Mientras invisibilizan al máximo lo que no les interesa, los dueños de los grandes medios de comunicación (incluidos los gobiernos y en la práctica sus políticos), generan desde sus posiciones privilegiadas una imagen de la sociedad a medio camino entre DisneyWorld y un film de terror. Uno, para tener suerte, debe mantenerse en el lado Disney, por supuesto. Así, debemos intentar ser bellos, parecer (al menos) jóvenes, tener un trabajo a jornada completa y bien remunerado, hacer deporte, viajar por el mundo, ser moderados, tener buen aspecto, estar a la última en tecnología, etc, etc, etc. La bonita sociedad del bienestar en la que ya no vivimos nos ha asegurado un sofá rosado y una telenovela con palomitas. Navidades mágicas. Y qué coño, personas guapas. Por otro lado, todos sabemos de los grandes peligros que nos acechan y de los que constantemente somos prevenidos a través de los medios: robos, violaciones, asesinatos, paro, terrorismo...

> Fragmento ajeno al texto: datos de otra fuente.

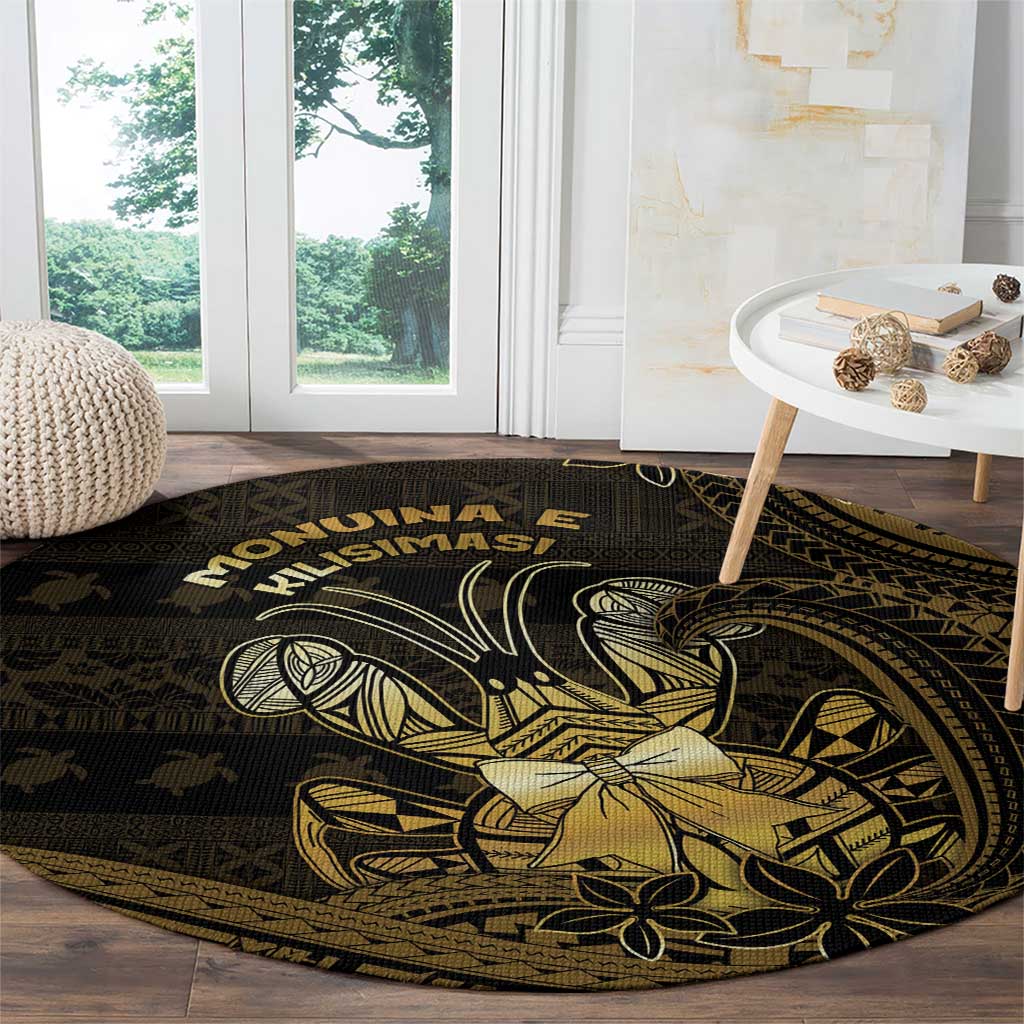 Niue Christmas Round Carpet Niuean Crab Xmas Tribal Waves DT05 - Polynesian Pride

El sistema de vida capitalista ha acabado con las antiguas comunidades en las que como parece, la vida se vivía de forma más común. Hoy en día se nos insta desde instituciones y puestos de trabajo a la carrera en solitario y al sálvese quien pueda bajo sus pautas. Nuestras vidas se pueblan de enemigos: el extranjero, el pobre, el diferente... y el igual que podría ocupar nuestro puesto bajo su sigilosa máscara amable (o no). Vuelvo ahora al tema de mis adorados melenudos, porque si lo he elegido para abrir este artículo es precisamente para explicar que comprendo bien que todos tenemos prejuicios. A mí me gusta una cosa y me desagrada otra, muchas veces, basándome solo en experiencias anteriores y encima en su mayor parte inconscientes. Incluso, he admitido que me costó llegar al punk.